Offensively, it would have taken a few years. Instead of the Splash Bros forming in 2014, there would have been many holding out for hope with what could happen with Zach LaVine and Thompson. LaVine eventually became an All-Star caliber player, but Thompson would have been older. By the time LaVine made his first All-Star appearance, Thompson had made the NBA Finals five times with the Warriors. LaVine was just a high-flying athlete that made a name for himself in the Slam Dunk Contest.

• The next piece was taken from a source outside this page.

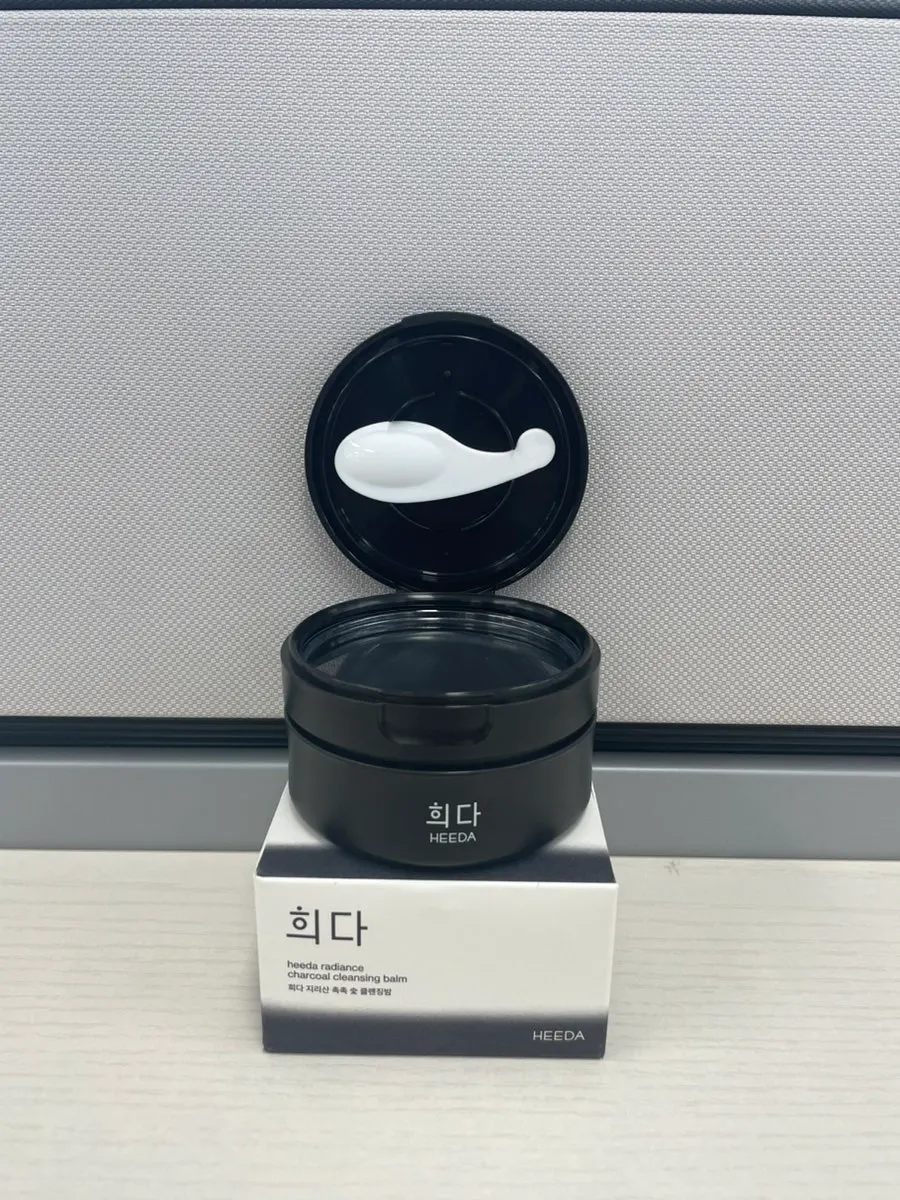 Cleansing balm lip and tint test: HEEDA Jirisan Moist Cleansing Balm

There is reason to believe that LaVine and Thompson could have been Splash Bros though given that Ricky Rubio was running the offense. Rubio was, and is, an excellent playmaker. He would have found a way to get these two open shots. With that said, the Timberwolves would have been exactly where they left off before this trade, which was last place. Keep in mind though, the following year, the team drafted Karl-Anthony Towns with the No. 1 overall pick.
Let’s start with the Warriors. The Warriors ultimately listened to West and Kerr about the Thompson trade. What did that get them? In return, the Warriors created one of the most successful dynasties in league history with Curry, Thompson, and Green. The Warriors made the NBA Finals five consecutive years, won a league-record 73 games in 2015-2016, and won three championships during that span. Thompson made the All-Star team all five years, made All-NBA Third Team two times, and made the All-Defensive Team once.
The brand Splash Bros became a worldwide trademark. Kerr wanted an up-tempo offense that generated shot after shot. He got exactly that by holding on to the player they wanted to trade. Curry is going to be the all-time leader in three-point field goals. Despite not playing the last two years, Thompson ranks 20th all-time.
As for the Timberwolves, the team made a terrible trade by acquiring former No. 1 overall picks Anthony Bennett and Andrew Wiggins. Love joined the Cavaliers where he played in the NBA Finals four consecutive seasons, made two All-Star appearances and helped the team win their first franchise championship in 2016. Love has remained with the Cavaliers, collecting a big paycheck despite multiple injury-plagued seasons, but his impact on the team’s legacy will always be remembered.
The Timberwolves did finish last that season, which prompted the team to gain the No. 1 overall pick. The team used the pick on Towns. Eventually, the team traded their young star in LaVine for a one-year rental of Jimmy Butler. The combination of Towns, Wiggins, and Butler led the Timberwolves to their first playoff appearance since 2005 in 2018, but Butler had enough with the team’s lack of drive, which led to his exit to Philadelphia in a separate trade.
As for Wiggins, he was traded to the Warriors for D’Angelo Russell and Bennett is one of the biggest busts in NBA history. The Timberwolves could have had a young core of LaVine, Towns, and Thompson, which might have been a competitive team down the line. Instead, the team remains in the cellar of the NBA standings, while both Thompson and Love are wearing championship jewelry.